◆ Exercise details ◆
Return each line of the records holding the string "Shirt".

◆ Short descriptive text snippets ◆
==================================================
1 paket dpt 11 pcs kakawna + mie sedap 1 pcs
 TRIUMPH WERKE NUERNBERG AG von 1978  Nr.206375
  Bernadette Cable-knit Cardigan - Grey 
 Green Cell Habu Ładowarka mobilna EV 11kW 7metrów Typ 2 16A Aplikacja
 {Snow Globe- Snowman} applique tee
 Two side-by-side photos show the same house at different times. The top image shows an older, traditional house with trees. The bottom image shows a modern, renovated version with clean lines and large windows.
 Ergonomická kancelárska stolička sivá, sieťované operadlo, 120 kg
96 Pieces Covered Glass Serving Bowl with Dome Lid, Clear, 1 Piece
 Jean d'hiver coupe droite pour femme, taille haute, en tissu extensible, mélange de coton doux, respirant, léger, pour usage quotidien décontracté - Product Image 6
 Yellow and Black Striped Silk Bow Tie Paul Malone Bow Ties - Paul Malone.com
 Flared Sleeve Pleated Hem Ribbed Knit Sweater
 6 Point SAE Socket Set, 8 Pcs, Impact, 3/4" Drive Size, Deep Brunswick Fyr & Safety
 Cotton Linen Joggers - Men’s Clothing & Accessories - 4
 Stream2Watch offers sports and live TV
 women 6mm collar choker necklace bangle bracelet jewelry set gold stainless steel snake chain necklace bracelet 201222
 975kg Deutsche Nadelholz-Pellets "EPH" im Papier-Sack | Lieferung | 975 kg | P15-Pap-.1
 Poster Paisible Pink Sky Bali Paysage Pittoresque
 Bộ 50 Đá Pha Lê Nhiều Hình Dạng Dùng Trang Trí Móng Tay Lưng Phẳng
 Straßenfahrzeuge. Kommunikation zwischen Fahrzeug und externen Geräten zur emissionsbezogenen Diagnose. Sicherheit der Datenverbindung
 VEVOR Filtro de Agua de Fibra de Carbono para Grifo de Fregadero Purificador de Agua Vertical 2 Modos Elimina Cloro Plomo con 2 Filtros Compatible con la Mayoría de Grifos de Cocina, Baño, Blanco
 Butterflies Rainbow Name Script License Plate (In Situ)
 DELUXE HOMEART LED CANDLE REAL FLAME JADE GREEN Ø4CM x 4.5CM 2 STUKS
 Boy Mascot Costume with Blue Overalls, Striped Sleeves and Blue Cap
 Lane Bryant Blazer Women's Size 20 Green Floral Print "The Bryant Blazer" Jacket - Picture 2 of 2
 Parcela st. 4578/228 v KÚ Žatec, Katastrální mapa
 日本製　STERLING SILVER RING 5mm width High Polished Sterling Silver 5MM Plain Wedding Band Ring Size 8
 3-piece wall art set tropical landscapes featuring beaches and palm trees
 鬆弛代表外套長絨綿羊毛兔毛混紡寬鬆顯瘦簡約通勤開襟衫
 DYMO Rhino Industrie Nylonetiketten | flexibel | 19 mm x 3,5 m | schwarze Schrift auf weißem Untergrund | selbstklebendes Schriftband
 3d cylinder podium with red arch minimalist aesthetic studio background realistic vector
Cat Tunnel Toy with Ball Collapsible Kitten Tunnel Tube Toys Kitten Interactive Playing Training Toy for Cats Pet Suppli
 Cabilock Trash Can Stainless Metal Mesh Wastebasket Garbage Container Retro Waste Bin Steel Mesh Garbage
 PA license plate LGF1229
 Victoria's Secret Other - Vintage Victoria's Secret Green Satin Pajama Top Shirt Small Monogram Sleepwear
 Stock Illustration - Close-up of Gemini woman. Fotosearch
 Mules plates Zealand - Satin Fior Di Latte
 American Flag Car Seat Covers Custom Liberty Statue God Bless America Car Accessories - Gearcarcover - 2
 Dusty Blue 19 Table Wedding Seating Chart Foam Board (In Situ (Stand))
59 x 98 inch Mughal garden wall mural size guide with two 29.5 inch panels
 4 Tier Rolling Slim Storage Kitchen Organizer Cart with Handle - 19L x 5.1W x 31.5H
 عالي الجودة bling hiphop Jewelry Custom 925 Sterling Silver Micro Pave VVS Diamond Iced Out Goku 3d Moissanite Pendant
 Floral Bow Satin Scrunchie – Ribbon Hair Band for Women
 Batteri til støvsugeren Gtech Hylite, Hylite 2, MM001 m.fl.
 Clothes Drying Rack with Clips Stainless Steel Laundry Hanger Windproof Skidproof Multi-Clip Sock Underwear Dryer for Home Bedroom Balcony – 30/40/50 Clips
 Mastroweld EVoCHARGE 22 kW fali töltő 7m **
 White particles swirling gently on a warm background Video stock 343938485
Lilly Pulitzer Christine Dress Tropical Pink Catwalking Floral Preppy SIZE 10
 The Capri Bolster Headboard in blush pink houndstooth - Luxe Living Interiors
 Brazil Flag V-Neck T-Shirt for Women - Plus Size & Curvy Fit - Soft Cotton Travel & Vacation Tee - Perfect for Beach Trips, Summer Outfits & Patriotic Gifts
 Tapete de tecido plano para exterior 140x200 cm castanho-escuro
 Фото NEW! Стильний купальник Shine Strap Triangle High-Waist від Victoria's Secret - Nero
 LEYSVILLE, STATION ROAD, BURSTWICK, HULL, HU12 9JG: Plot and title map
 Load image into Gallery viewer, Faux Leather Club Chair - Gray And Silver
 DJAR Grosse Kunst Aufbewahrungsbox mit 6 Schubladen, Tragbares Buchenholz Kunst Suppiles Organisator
==================================================
◆ Solution for this problem ◆
 Victoria's Secret Other - Vintage Victoria's Secret Green Satin Pajama Top Shirt Small Monogram Sleepwear
 Brazil Flag V-Neck T-Shirt for Women - Plus Size & Curvy Fit - Soft Cotton Travel & Vacation Tee - Perfect for Beach Trips, Summer Outfits & Patriotic Gifts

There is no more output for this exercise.